We have a number of first-chair trial attorneys who are skilled, confident and successful in the courtroom. In preparation for trial, our trial teams conduct meticulous investigation of the facts and circumstances giving rise to a claim. We work closely with automotive and trucking industry experts with whom we have established excellent relationships. This ensures our firm’s access to the top industry experts in important fields. We have experienced medical professionals on staff to identify and analyze significant medical issues. Good working relationships with these experts helps our firm provide effective and efficient litigation services to our clients.
In addition to courtroom experience, our attorneys are skilled at negotiating appropriate settlements in a number of forums, including mediation and arbitration.
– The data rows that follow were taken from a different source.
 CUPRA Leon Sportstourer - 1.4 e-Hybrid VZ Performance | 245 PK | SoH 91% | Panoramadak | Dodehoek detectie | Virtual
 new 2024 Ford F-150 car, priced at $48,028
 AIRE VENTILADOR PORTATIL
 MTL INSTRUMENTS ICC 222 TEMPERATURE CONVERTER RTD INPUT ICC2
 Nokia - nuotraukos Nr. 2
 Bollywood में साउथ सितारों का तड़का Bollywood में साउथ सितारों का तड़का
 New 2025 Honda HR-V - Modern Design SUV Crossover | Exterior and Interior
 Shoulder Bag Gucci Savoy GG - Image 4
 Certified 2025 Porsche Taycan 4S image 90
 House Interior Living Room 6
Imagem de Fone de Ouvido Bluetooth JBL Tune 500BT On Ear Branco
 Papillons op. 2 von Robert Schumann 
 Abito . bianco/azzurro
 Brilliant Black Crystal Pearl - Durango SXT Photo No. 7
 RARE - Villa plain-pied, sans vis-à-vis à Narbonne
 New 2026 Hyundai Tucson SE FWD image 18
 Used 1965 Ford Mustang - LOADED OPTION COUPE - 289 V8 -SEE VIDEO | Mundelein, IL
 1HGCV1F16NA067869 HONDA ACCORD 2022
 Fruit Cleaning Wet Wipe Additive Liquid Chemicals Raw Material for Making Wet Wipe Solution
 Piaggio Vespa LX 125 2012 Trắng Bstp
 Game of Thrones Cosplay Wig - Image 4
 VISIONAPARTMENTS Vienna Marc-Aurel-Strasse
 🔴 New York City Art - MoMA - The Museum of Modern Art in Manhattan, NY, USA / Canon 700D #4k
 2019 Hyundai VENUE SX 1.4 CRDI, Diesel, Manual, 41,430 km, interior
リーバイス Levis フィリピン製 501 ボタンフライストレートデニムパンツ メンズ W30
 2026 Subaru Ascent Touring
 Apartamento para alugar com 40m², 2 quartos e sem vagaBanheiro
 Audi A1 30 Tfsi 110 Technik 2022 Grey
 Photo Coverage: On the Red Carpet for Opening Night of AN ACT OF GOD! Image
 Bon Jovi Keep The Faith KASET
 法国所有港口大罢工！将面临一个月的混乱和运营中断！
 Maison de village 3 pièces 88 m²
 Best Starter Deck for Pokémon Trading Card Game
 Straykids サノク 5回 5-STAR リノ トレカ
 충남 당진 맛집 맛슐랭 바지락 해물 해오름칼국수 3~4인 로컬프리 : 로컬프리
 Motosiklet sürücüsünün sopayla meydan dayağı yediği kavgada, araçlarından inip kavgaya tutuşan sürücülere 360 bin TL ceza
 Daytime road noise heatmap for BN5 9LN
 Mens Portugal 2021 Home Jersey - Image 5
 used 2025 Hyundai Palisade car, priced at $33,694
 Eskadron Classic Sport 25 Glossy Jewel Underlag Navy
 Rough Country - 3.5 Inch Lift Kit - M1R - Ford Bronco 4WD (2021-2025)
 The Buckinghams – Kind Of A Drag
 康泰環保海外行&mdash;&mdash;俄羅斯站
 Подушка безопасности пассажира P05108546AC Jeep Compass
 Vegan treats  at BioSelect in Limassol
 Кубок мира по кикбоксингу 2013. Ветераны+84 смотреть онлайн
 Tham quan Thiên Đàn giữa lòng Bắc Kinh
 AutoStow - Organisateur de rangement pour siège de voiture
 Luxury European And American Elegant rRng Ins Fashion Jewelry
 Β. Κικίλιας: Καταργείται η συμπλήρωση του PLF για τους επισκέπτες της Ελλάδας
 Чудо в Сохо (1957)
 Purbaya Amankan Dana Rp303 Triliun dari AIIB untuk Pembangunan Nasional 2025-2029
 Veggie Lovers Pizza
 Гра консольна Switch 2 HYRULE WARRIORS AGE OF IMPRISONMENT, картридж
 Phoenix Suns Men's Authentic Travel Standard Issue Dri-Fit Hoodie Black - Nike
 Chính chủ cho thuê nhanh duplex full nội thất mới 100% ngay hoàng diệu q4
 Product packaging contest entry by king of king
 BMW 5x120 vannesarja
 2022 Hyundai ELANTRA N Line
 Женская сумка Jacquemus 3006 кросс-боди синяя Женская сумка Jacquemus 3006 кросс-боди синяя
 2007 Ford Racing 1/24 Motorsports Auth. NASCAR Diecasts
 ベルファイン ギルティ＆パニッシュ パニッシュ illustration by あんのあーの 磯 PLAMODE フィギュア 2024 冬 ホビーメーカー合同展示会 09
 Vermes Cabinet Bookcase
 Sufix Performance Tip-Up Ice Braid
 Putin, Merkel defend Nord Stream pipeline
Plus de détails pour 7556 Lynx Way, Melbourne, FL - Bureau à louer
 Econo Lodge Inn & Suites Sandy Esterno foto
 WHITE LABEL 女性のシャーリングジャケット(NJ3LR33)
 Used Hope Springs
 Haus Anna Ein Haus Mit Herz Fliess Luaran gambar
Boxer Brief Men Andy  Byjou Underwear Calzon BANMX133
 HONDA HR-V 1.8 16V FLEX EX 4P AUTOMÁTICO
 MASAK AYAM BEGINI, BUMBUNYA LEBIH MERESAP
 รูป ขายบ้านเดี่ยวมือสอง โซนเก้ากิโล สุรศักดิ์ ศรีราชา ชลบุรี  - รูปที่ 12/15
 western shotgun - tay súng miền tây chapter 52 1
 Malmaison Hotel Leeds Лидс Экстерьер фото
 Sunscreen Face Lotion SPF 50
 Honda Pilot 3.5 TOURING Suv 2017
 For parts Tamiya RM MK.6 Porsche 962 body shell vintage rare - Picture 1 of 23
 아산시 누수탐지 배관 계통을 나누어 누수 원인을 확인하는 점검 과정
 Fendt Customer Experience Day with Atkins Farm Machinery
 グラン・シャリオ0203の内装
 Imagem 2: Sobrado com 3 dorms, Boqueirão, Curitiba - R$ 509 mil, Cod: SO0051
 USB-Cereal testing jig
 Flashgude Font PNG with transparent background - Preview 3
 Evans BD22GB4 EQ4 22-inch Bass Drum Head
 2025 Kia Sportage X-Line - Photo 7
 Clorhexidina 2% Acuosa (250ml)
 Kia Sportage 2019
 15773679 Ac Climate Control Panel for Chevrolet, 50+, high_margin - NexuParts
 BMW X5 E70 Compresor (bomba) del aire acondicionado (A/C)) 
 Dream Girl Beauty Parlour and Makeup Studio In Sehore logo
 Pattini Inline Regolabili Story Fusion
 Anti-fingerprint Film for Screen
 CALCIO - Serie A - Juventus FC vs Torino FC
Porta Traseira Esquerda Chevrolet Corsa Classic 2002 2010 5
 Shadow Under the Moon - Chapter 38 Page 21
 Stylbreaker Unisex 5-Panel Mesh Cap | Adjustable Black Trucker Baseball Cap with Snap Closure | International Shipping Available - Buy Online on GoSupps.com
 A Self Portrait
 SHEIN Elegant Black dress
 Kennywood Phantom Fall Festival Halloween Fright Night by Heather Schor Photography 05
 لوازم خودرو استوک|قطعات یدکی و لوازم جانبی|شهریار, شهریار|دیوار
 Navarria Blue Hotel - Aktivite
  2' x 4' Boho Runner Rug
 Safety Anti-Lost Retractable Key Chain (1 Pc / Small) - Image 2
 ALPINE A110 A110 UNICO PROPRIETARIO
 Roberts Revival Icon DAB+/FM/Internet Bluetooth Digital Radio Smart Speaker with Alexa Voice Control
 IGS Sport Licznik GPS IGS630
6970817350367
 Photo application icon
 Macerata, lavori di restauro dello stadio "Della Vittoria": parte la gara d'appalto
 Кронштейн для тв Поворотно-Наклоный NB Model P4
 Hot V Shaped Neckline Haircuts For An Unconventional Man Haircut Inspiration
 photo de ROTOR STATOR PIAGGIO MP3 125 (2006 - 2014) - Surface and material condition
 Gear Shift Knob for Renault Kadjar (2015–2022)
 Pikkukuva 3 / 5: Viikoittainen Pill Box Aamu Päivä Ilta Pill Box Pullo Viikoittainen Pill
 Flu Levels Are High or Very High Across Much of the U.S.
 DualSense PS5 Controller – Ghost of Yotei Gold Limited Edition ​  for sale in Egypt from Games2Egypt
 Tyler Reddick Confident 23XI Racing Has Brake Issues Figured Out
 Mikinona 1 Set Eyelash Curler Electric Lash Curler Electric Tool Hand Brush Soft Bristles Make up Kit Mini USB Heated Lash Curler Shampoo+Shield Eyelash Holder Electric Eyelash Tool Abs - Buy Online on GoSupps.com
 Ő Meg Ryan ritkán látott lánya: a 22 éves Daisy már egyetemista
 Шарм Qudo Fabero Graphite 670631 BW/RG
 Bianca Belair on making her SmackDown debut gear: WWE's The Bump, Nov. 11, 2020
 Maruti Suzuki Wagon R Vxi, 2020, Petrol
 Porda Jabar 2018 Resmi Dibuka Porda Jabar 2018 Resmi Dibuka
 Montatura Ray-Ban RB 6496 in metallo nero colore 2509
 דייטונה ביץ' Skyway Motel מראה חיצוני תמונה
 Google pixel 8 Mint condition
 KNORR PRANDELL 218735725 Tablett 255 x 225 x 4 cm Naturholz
Because we investigate thoroughly from the moment an accident occurs or from the time our firm is made aware of a claim, we put our clients in the best position to negotiate on their terms.
BSCR has extensive experience in the defense of automotive products involved in complex, high-stakes class action matters, as well as individual cases. We have been involved in the successful resolution of significant class actions, as well as industry-wide repetitive litigation. The efficiency we employ in individual cases and the experience we have amassed over more than 35 years in defense of automotive clients is an invaluable aid to understanding and resolving litigation consistent with our client’s expectations.
We are also a leader in defense of its automotive industry clients in toxic tort matters, including asbestos. The firm operates as local, regional and national counsel supervising asbestos litigation involving friction products around the country. Our association with many fine firms also involved in the defense of industry interests in this area ensures our client’s access to the most experienced counsel in any area of the practice.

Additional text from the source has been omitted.